Pietro tornerà al Foro Italico, ci andrà vestendo una maglietta, un paio di calzoncini ed un paio di scarpe adatte, ricalpesterà quella pista che rossa non è più, e poi, se i polmoni e le vecchie articolazioni non lo tradiranno non ci andrà per un giorno solo.

Quel tempo non potrà tornare, nessun poeta, nessun artista, nessun mago ha il potere di far tornare indietro niente e nessuno.

Non lo si può fermare, non lo si può far tornare indietro per riviverlo.

Ma quella sera, scivolata dolcemente in una lunga notte, per merito, o forse colpa, di qualche immagine, Pietro si è sentito più fortunato di altri che il tempo lo hanno perduto e mai più ritrovato.

Le foto, la voglia di sentirsi ancora bambino, il vino rosso, chissà altro, chissà cosa hanno contribuito in poche ore a dargli un punto di svolta.

Pietro ha deciso, è deciso, è finalmente consapevole che il suo punto di svolta non potrà coincidere con la possibilità di avere una vita 2.0, no questo no.

Ma la sua schizofrenia, incontrollata, brava a non gestire nulla, il farsi coinvolgere nelle situazioni senza dettarle, tutto questo terminerà.

Come finirà tutto questo? tutto quello che era?

In modo semplice, andrà con continuità allo stadio e metterà tutta la volontà nel correre.

Tutto quel correre che prima era un movimento, incontrollato e incontrollabile, della mente e dell’anima irrequiete ed il fisico ne era solo il mezzo per esternare tutto questo.

Ora no, si schiererà sulla linea di partenza, idealmente aspetterà lo starter che chiamerà l'”Ai posti”, il  “pronti” e il “Bang” e finalmente correrà, suderà, si sfiancherà e raggiunto il suo traguardo, felice si fermerà.
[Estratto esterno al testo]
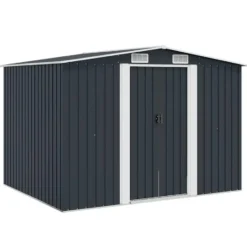 vidaXL - Tuinschuur - Antraciet - Staal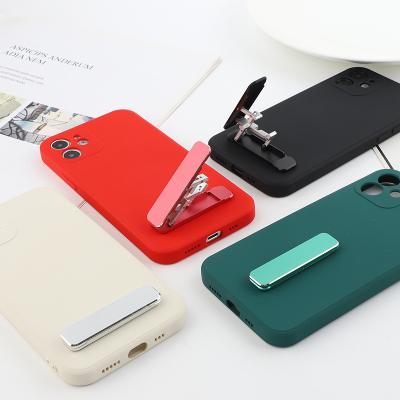 China Mini Tik ToK Adjustable Folding Portable Lazy Bracket Cell Phone Shell Case Support Back Paste Phone Holder for sale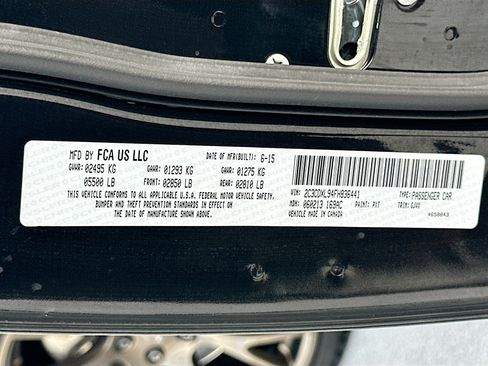 Used 2015 Dodge Charger SRT Hellcat w/ Harman/Kardon Audio Group RWD image 36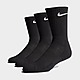 Black Nike 3-Pack Cushioned Crew Socks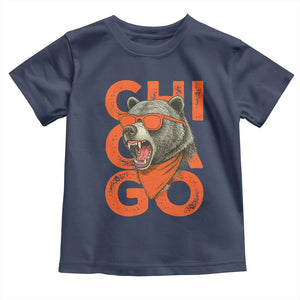 Cool Chicago Pride Br Graphic Toddler T Shirt TS02 Navy Print Your Wear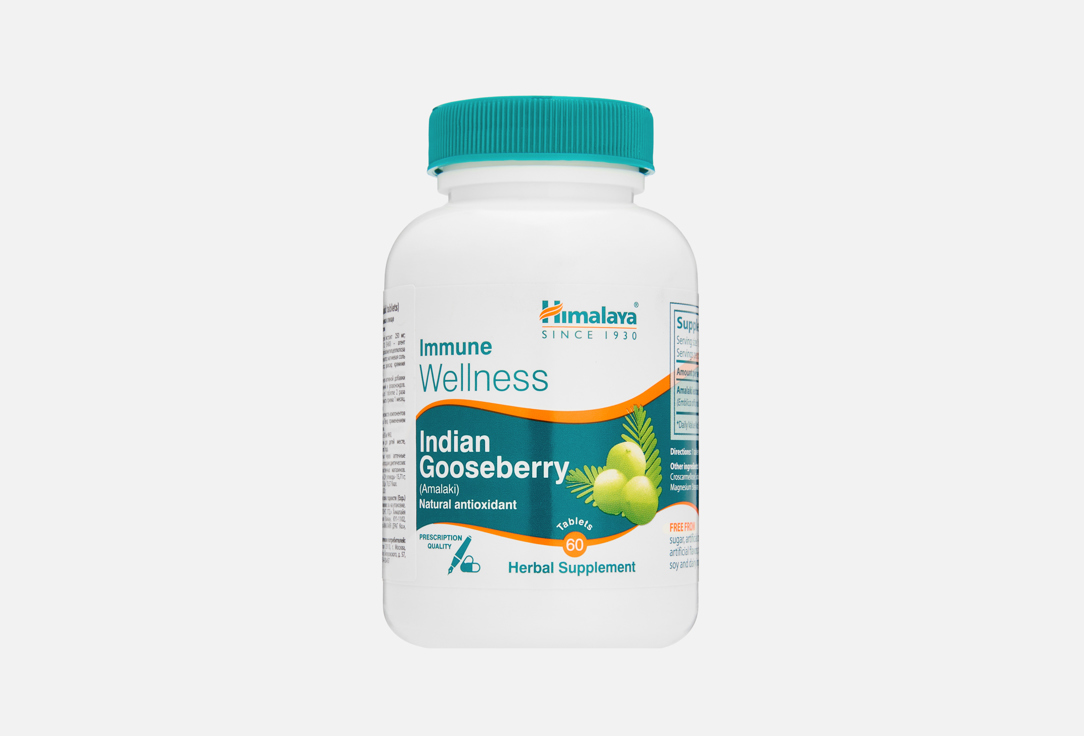 Изображение товара БАД для укрепления иммунитета Himalaya Wellness на основе экстракта Эмблики 250мг таблетки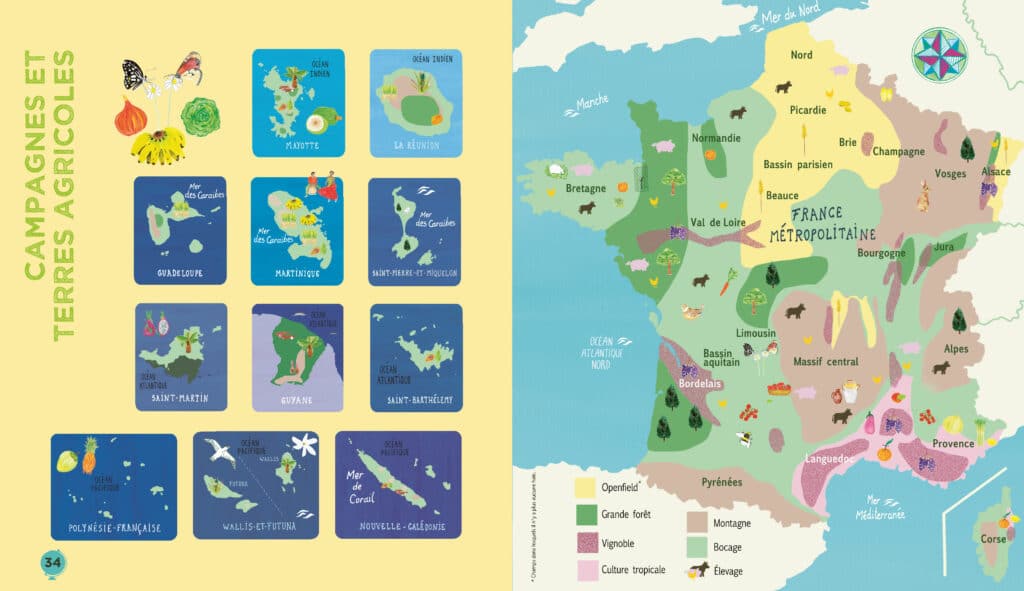 Atlas : mon tour de France écolo - éditions Akinomé - de Stéphanie de Bussierre et Lola Oberson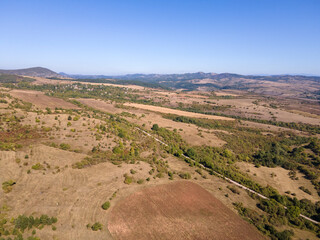 Amazing Autumn Landscape of Lyubash mountain, Bulgaria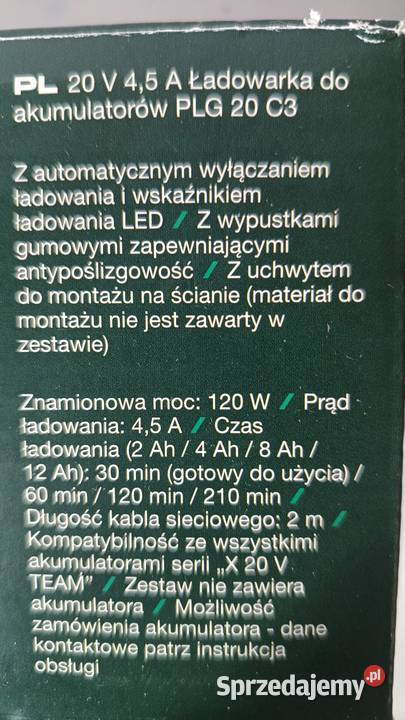 Ładowarka do akumulatorów PARKSIDE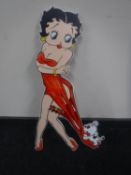 A hand painted Betty Boop cut out signed by George Shotton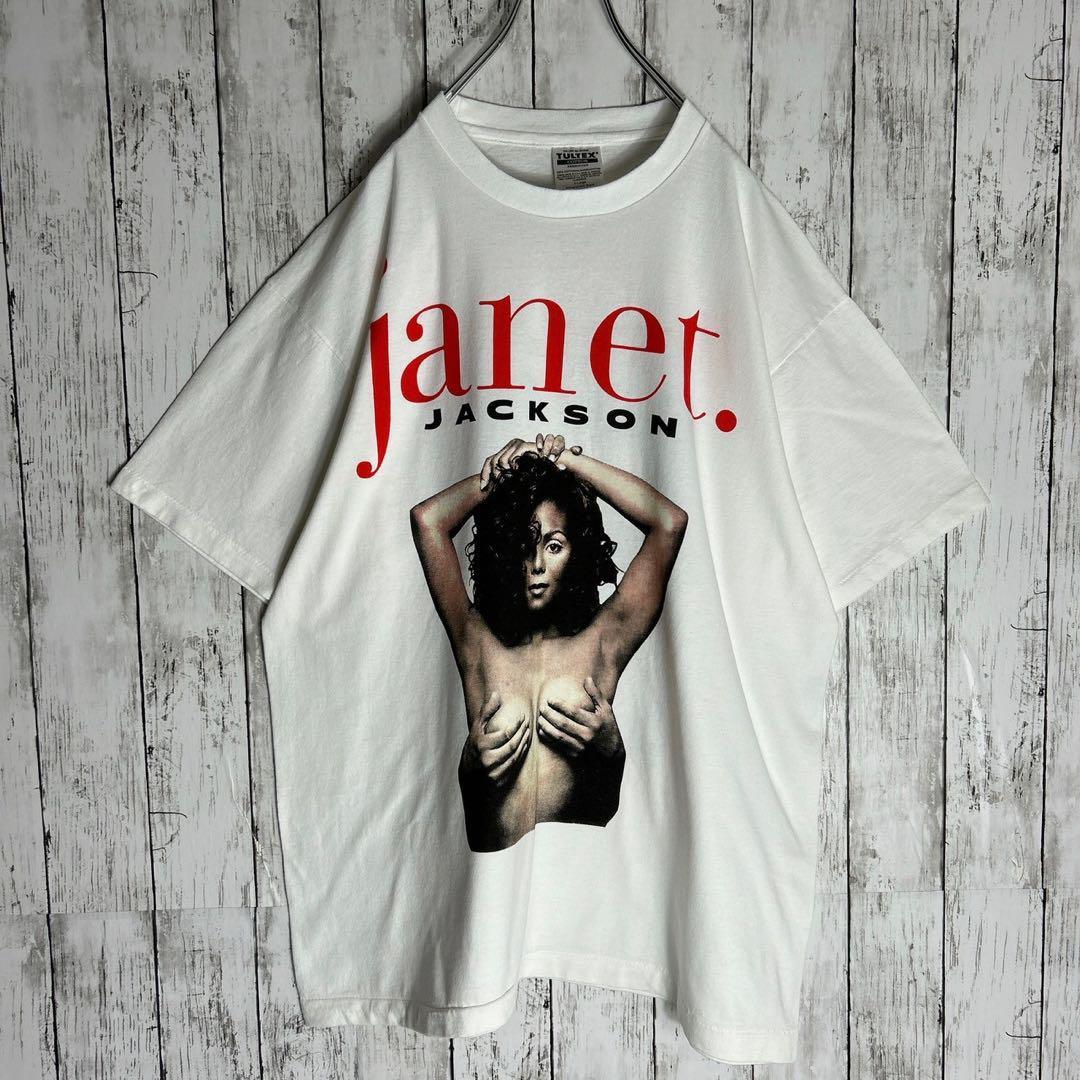 ジャネットジャクソン】USA製ミュージックtシャツ 手ぶら 両面 ジャネットジャクソン】USA製ミュージックtシャツ 手ぶら 両面
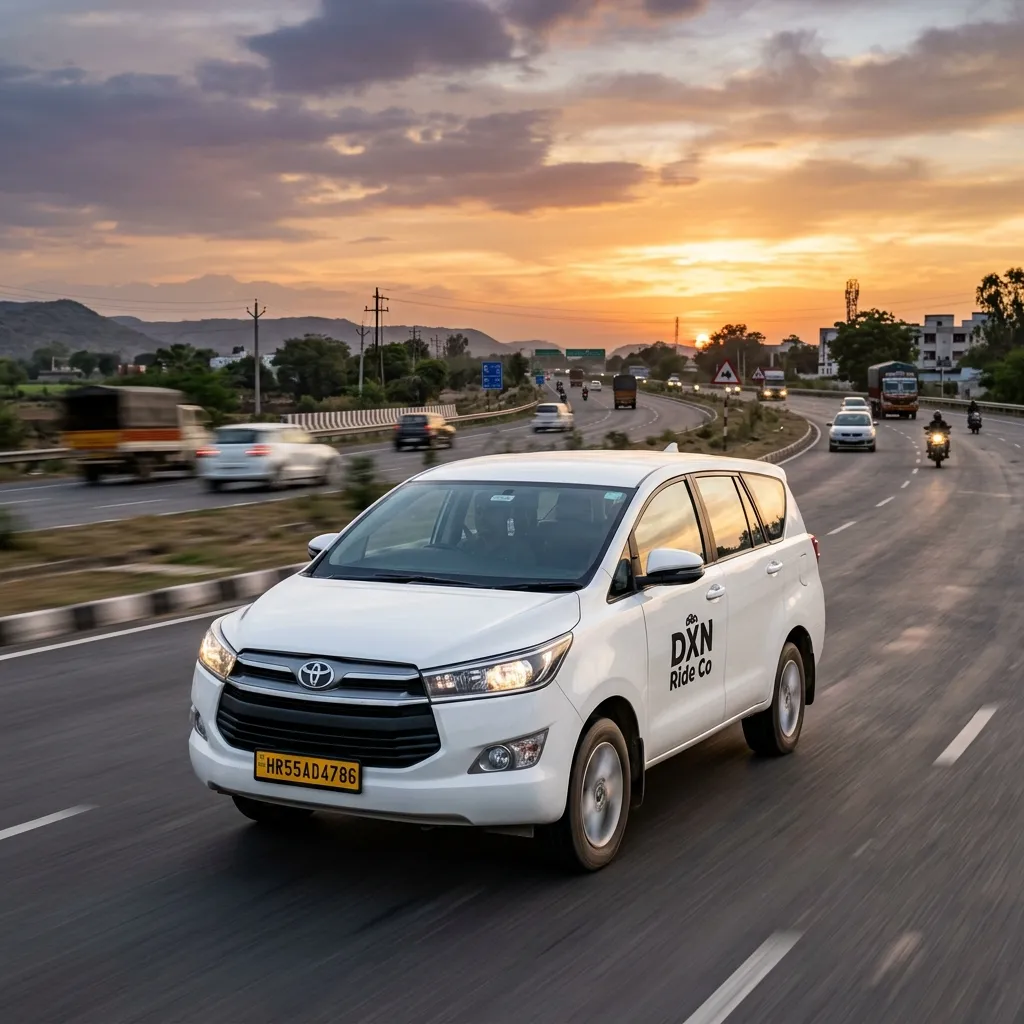 Outstation Cabs from Delhi to Chandigarh, Jaipur, Agra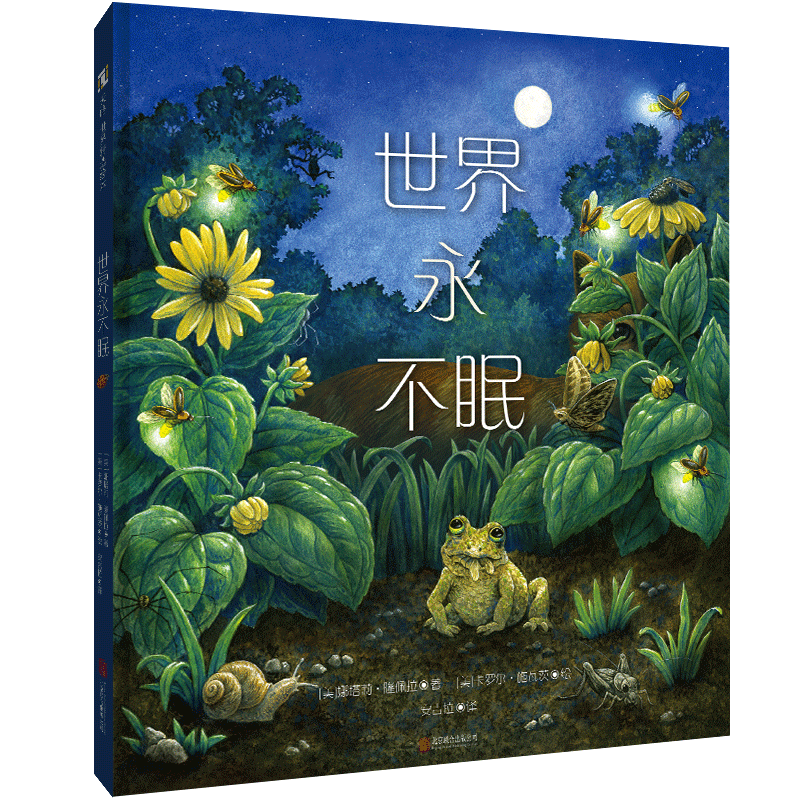 世界永不眠绘本科普观察昆虫幼儿园老师推荐科学启蒙宝宝聪明三到八岁教育学习绘本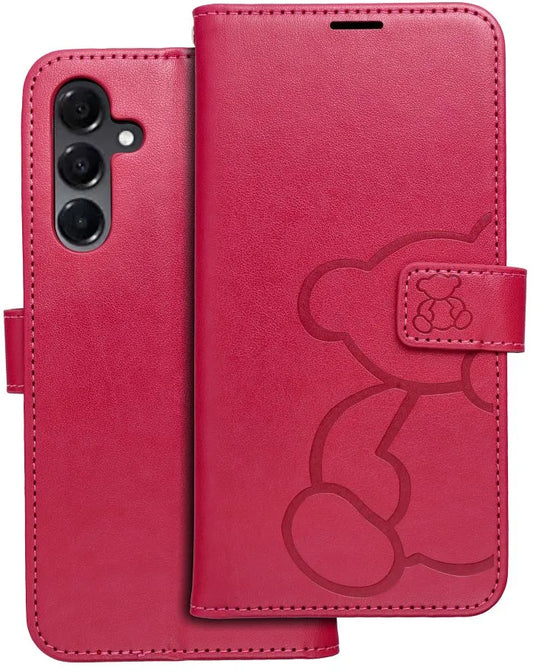 Custodia per Samsung Galaxy A16 5G A166, OEM, MEZZO Teddy Bear, Magenta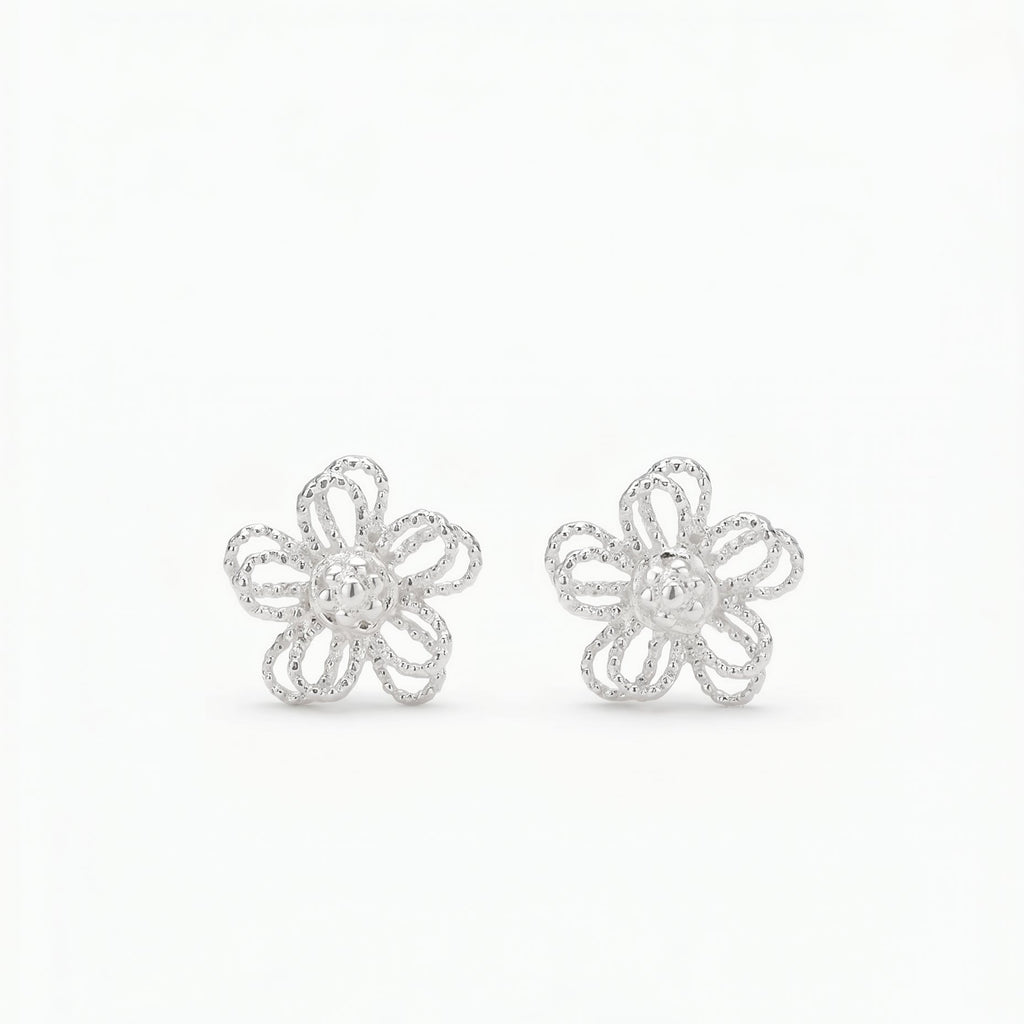 Double Petal Hollow Earrings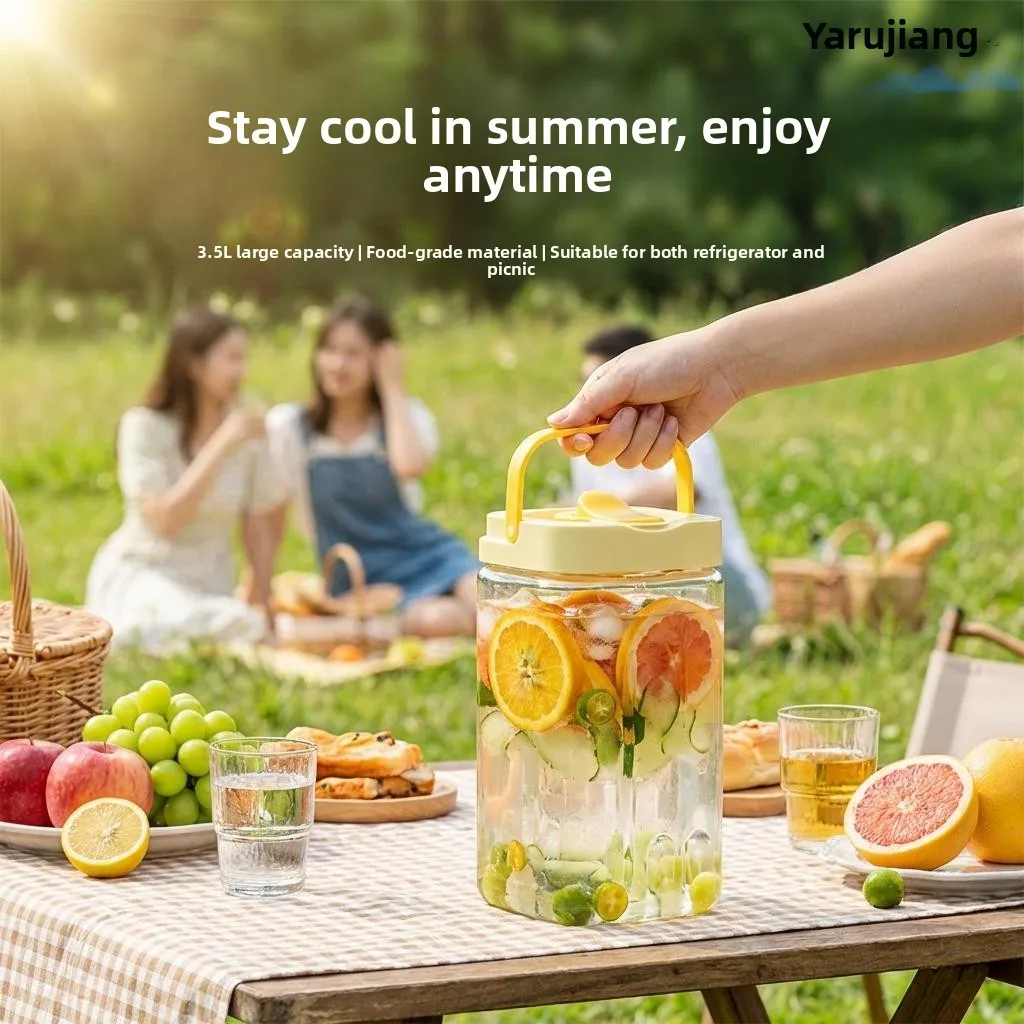 Food Grade Large Capacity Cold Brew Water Bottle Home Use Fruit Beverage Bucket Refrigerator Essential Summer Cool Water Pot
Food Grade Large Capacity Cold Brew Water Bottle Home Use Fruit Beverage Bucket Refrigerator Essential Summer Cool Water Pot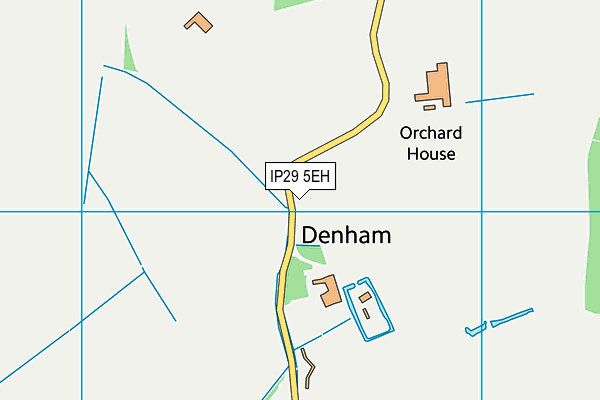 IP29 5EH map - OS VectorMap District (Ordnance Survey)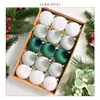 Decoração de Natal Bolas de Veludo de Natal 6/8cm Conjunto de Bolas de Natal Aveludadas Enfeites para Pendurar na Árvore de Natal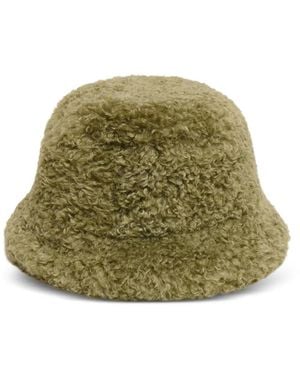 Apparis Amara Bouclette Bucket Hat - Green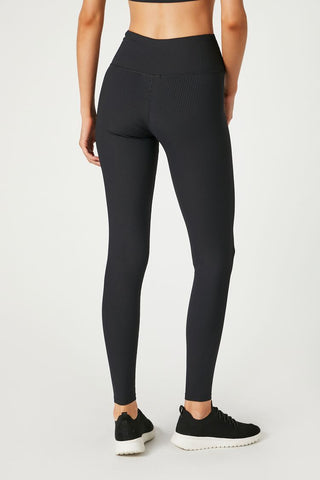 Legging Talle Alto de Punto Acanalado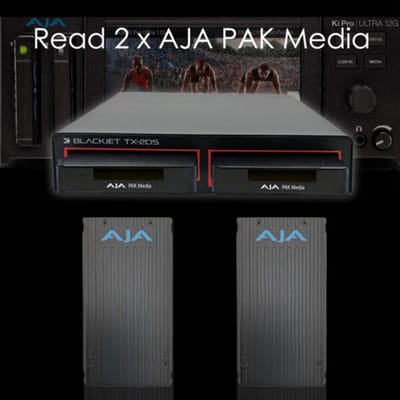 BLACKJET DX-1P AJA PAK Media Reader module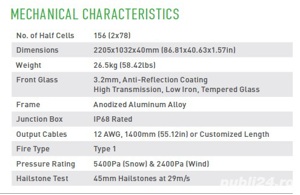Panouri fotovoltaice 455Wp JINKO Solar PERC mono BIFACIALE incl TVA 21% - imagine 2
Libero dalla preoccupazione di raggiungere il traguardo di una finale olimpica, libero di dover dimostrare perché il piacere di correre, libero da ogni dubbio, da ogni critica, libero e basta.

E mentre starà ai bordi della pista a recuperare un alito di fiato, se vedrà un bambino con lo sguardo affascinato da chi si agita tra quelle corsie e spaurito dalle grandi statue che lo circondano, gli si avvicinerà e gli domanderà “Ciao io sono Pietro e tu come ti chiami?” sperando di far sbocciare un amore sportivo, proverà a far fondere in un meraviglioso abbraccio il passato ed il futuro in un unico, bellissimo, presente.

Non lo può sapere se andando a correre gli capiterà di incontrare un bambino e trasmettergli quella passione che incendiò lui.

Ma lui vuole rimettersi in gioco, se potrà essere testimonianza per gli altri oppure continuazione in modo differente di come si era sognato da bambino solo il futuro gli potrà dare una risposta.

Cinquant’anni, un traguardo, un bilancio, ma anche una ripartenza e stilare un preventivo.

Pietro ora si mette a dormire, domani sa cosa dovrà fare.